#### PROBLEM STATEMENT
For the entries below, copy exactly the line that contains "Ho Ho Ho: Two" through the line that contains "VZ 61 Pistol .380-Czechpoint", both ends included, and exclude all pictures.

Stored items from a collection
^^^^^^^^^^^^^^^^

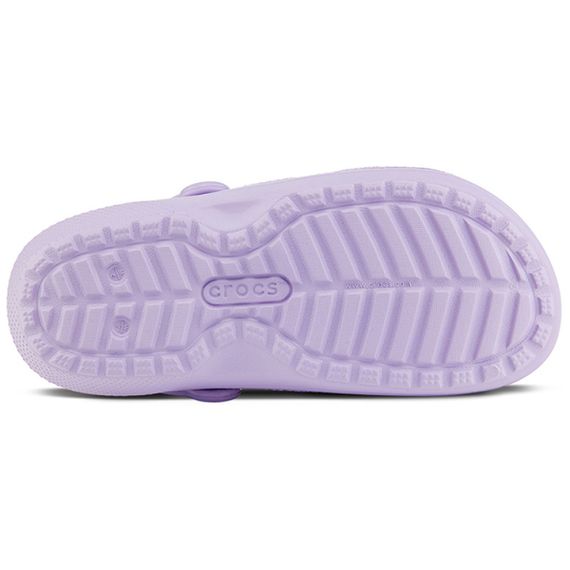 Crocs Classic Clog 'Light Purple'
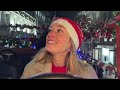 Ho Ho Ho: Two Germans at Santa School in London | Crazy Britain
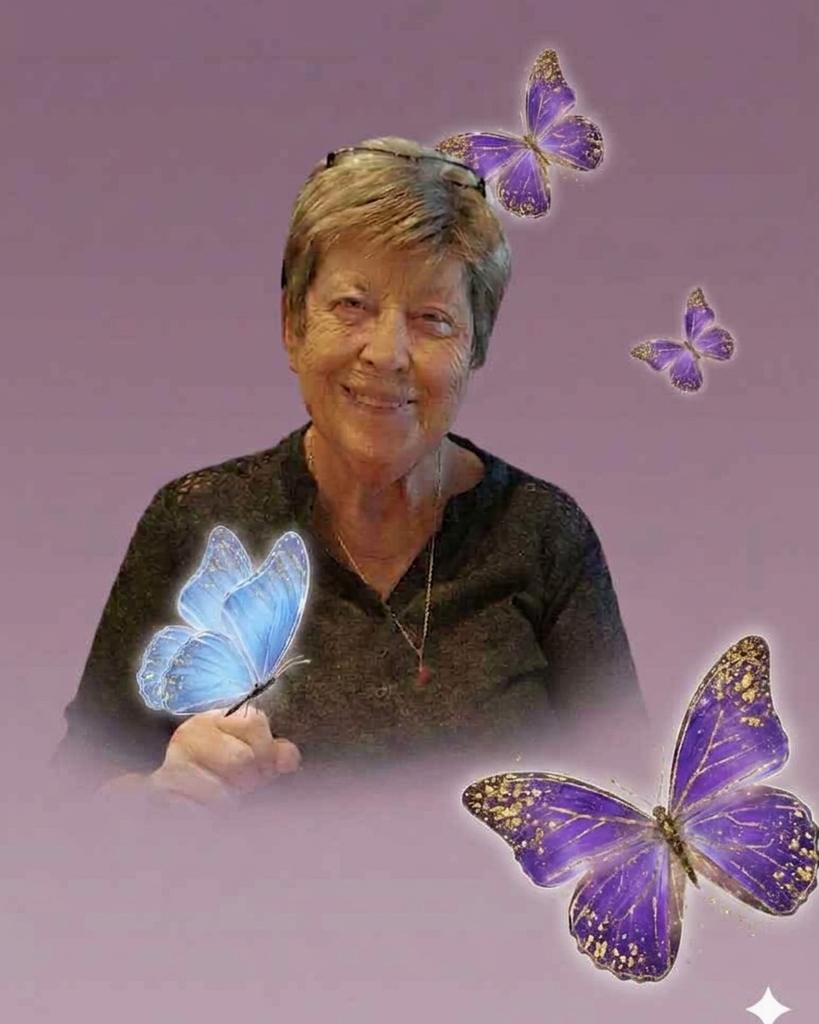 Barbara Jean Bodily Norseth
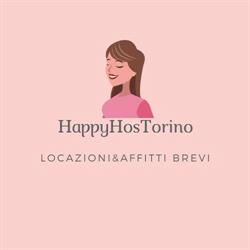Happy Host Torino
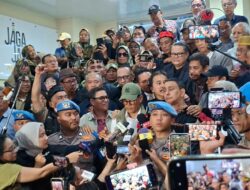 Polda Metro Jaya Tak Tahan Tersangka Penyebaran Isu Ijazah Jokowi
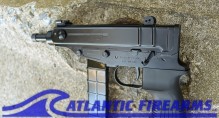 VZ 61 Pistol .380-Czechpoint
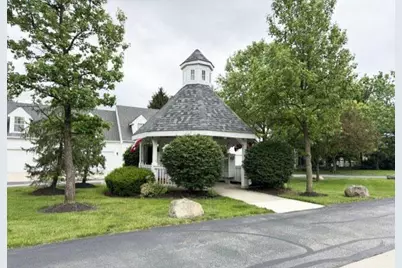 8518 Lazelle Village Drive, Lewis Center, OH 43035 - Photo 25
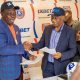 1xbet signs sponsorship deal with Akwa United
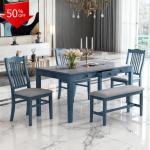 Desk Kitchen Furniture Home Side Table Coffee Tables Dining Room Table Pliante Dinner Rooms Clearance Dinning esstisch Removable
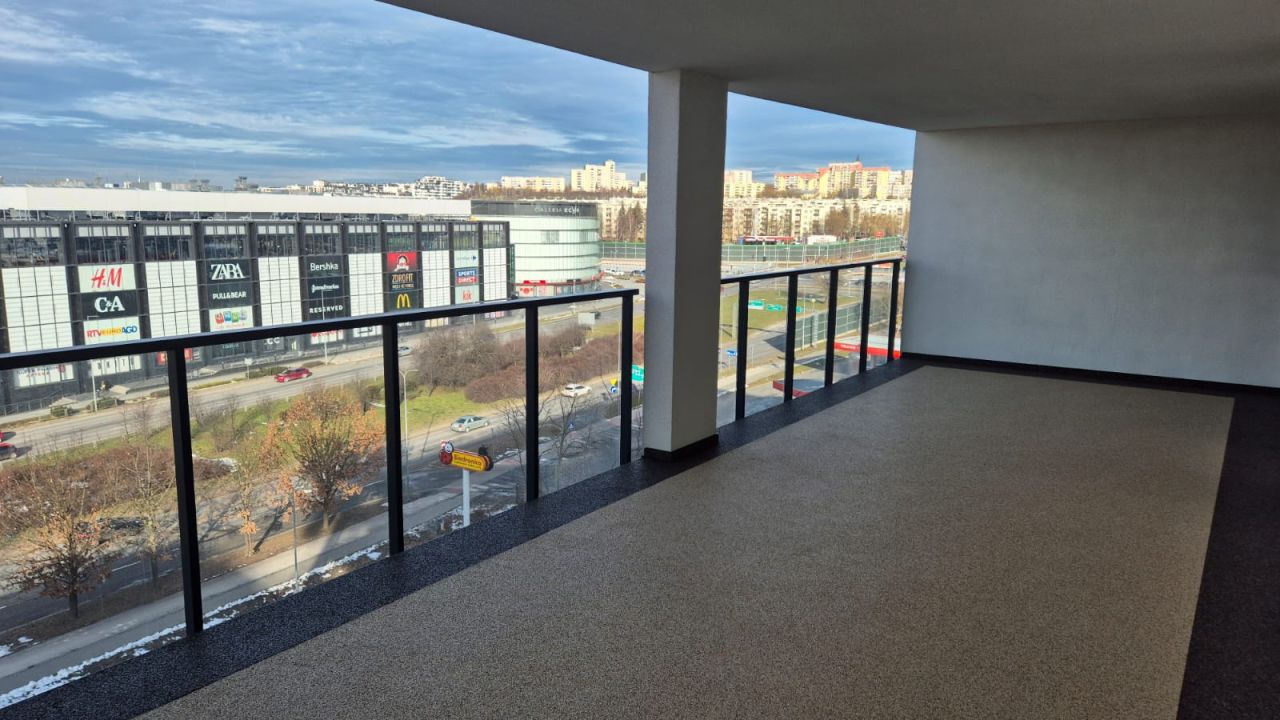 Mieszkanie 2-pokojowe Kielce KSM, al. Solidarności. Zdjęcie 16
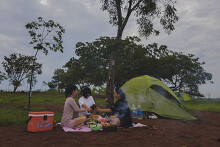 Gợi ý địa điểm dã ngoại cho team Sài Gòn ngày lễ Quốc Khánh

^^^^^^^^^^^^^^^^

#### ANSWER SECTION
 Ho Ho Ho: Two Germans at Santa School in London | Crazy Britain
 Barbara Jean Bodily Norseth
Happy Host Torino
 Polda Metro Jaya Tak Tahan Tersangka Penyebaran Isu Ijazah Jokowi
 VZ 61 Pistol .380-Czechpoint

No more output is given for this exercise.